Consider sound. If you only want to make voice chat work, you can use a low fidelity encoding on a lossy transport. It will do what it does well, but only that. Now suppose you and someone else are watching a movie and discussing it, using separate programs for the movie and VoIP. Either program might work well, but use them together and everything is likely to go to hell.
To support Croquet’s general distributed collaboration model for everything, we use a delivery mechanism (TCP/IP) in which no data is lost. In order to make things practical in secure settings, we do all transport through a single encrypted port. In order to contribute to the immersive 3D effect, all sound is spatialized to the speaker’s location in the virtual world. That all makes it tough to get good sound.
Well, we’ve been working on that. Our last release of the Qwaq Forums implementation has terrific headset sound over reasonably good Internet connections. In meetings of more than 20 people, with several 2D legacy applications running in-world, the sound is much better than either dedicated line or Internet-based telephone or speakerphone.
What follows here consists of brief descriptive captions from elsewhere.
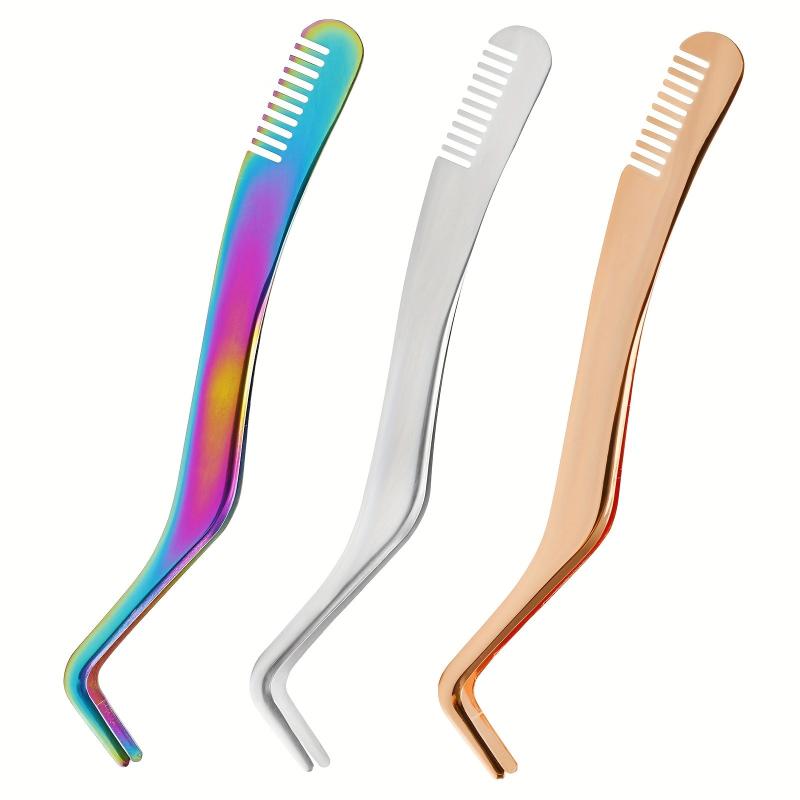 3pcs Eyelash Applicator Tweezers for False Lashes Curved DIY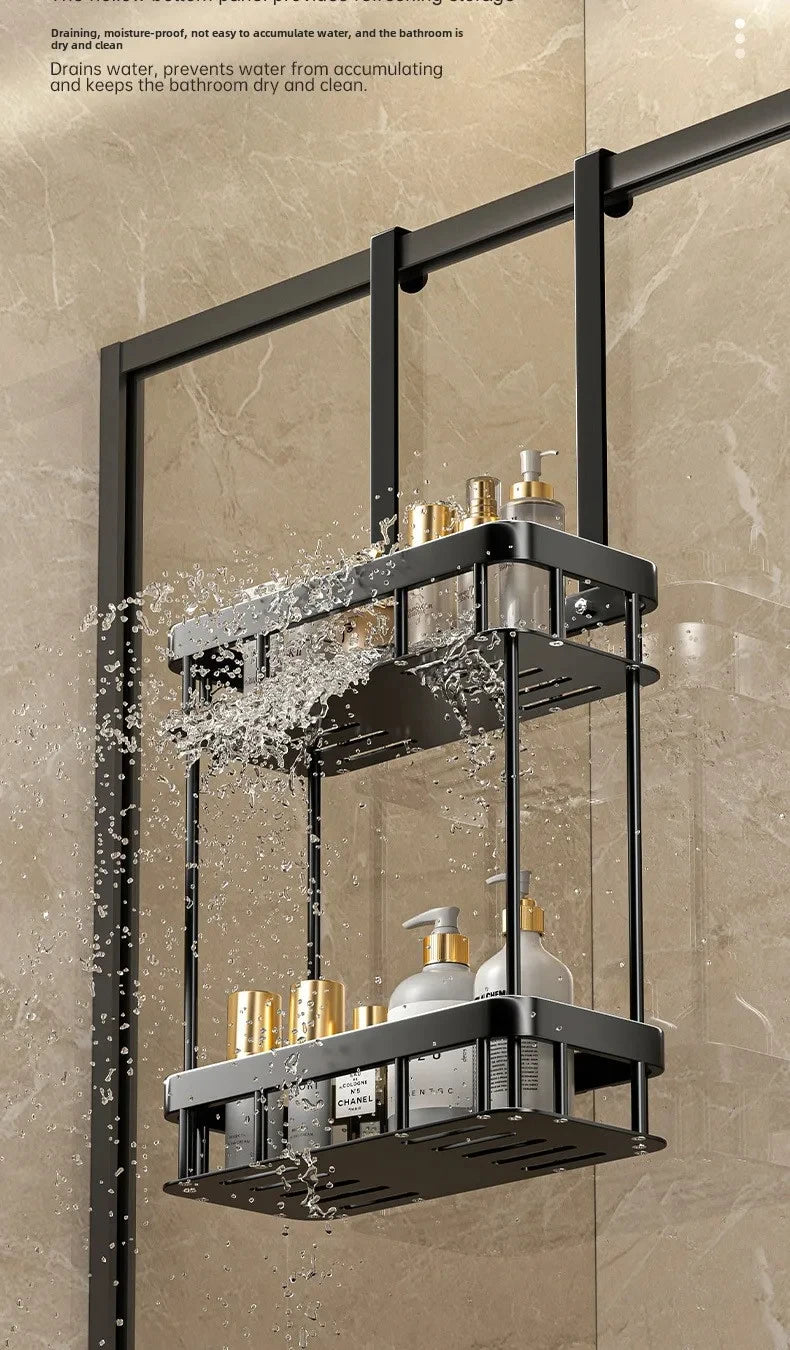 1/2/3 Tiers Bathroom Punch Free Wall-mounted Storage Rack Shower Room Over The Door Toiletries Organizer Bathroom Hanging Shelf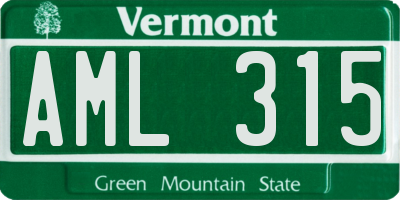 VT license plate AML315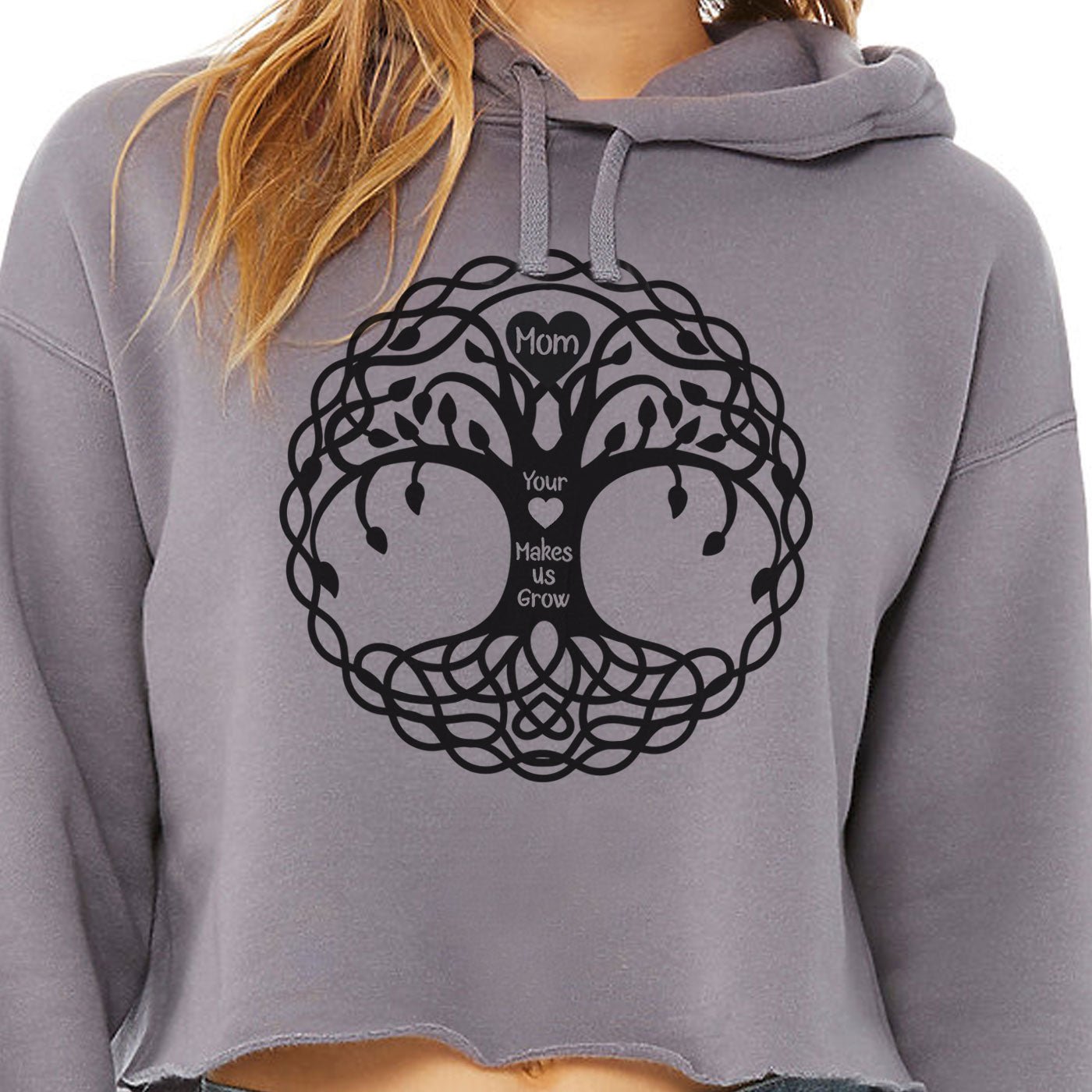 Mom Your Loves Make Us Grow Celtic Tree Women's Crop Fleece Hoodie - Get Deerty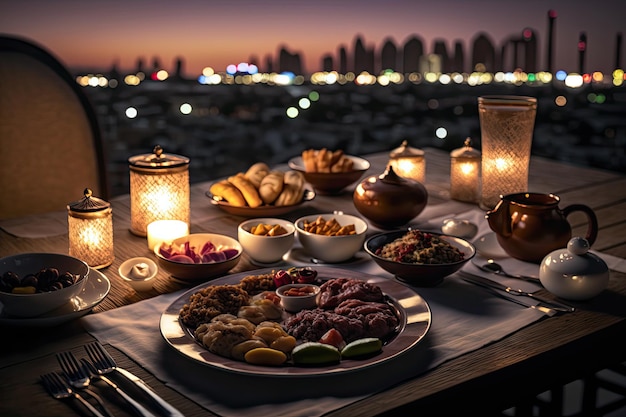 Feche a variedade de mesa com comida árabe durante a refeição iftar no ramadã AI gerado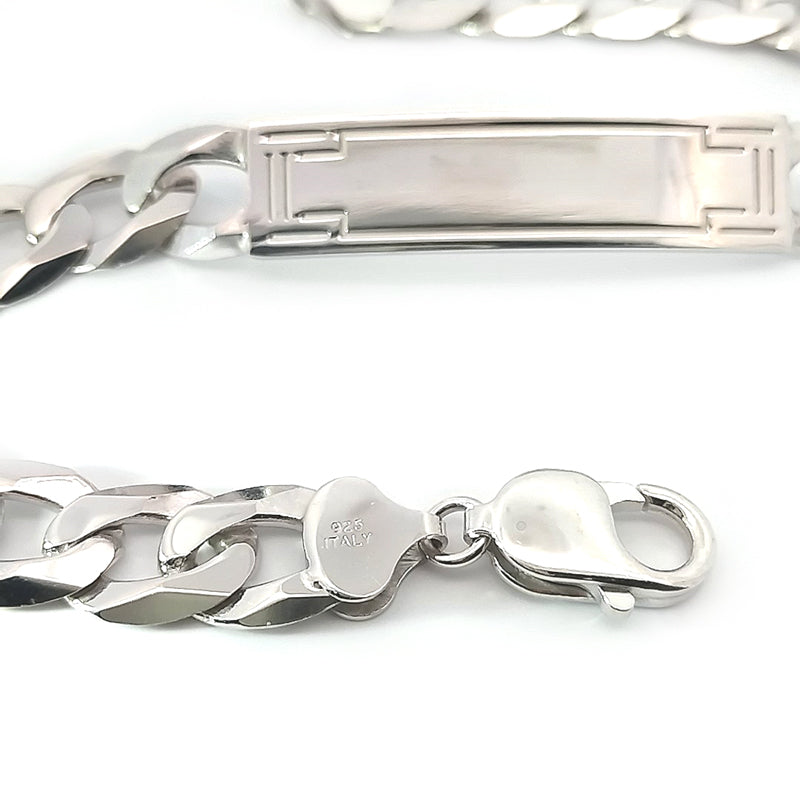 Bracelet d'identification en argent sterling 11 mm x 23 cm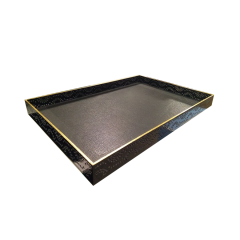 Large High-end Black Painting Wooden Leather Serving Tray With Gold Foil Decoration Wholesale Set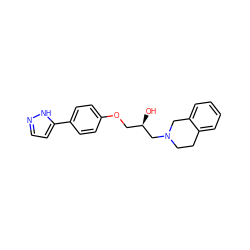 O[C@H](COc1ccc(-c2ccn[nH]2)cc1)CN1CCc2ccccc2C1 ZINC000219763229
A lot of this was good old-fashioned hard engineering by Josh and Andreas and Brad. We use a well-designed high quality encoding. (E.g., there’s a lot of fidelity recorded and we compress the sound well. When there’s no sound, we don’t waste bandwidth.) We integrate a dynamically-sized jitter-buffer with the spatialized sound libraries. (E.g., suppose your network slows down. Instead of having gaps in the voice, we buffer everything. If the network gaps exceed the amount of buffering, we synthesize some sound to stretch the voice and increase the buffer size. As the network improves, we shrink the buffer size so that you don’t have delays like you’re talking to an astronaut on the moon.) We prioritize traffic through the Croquet router. (E.g., suppose no one is talking but there’s a megabyte of other activity to send. If in the middle of that someone starts talking, the other stuff is interrupted in an appropriate way to keep the voice flowing.) We’ve adjusted thread priorities and adjusted the operating system interface so that we can control the speaker and mic devices directly. There’s been a hell of a lot of testing and measuring and profiling. (Some of it done smart and efficiently. Some of it incredibly boring and painful and wasteful. But overall quite necessary.)
There are limitations. We don’t do echo cancellation, so you are better off using a headset (or at least the built-in push-to-talk) rather than an open-mic. The system will tolerate a lot of problems with the Internet connection, including delivery variations, bandwidth throttling by your ISP, and even disconnections – but there are limits and nothing good will happen on a completely shitty connection.
It is amazing to me that we were able to make it work so well. I’m not terribly happy with Vonage and I’m sure that I can tell when someone is using it. But the again, cell phones and land-lines suck too, and maybe Vonage and Skype are good enough. If stand-alone consumer-grade VoIP works well enough on worse connections and hardware, I would say that given a setup good enough for virtual worlds, our sound is much better than dedicated VoIP. (Josh, Andreas and Brad are just flat out amazing.) It is starting to push into the territory of megabuck virtual-presence executive-conferencing systems. And given that it does work, it isn’t at all surprising that it works well in conjunction with other stuff going on. That’s the way it was designed.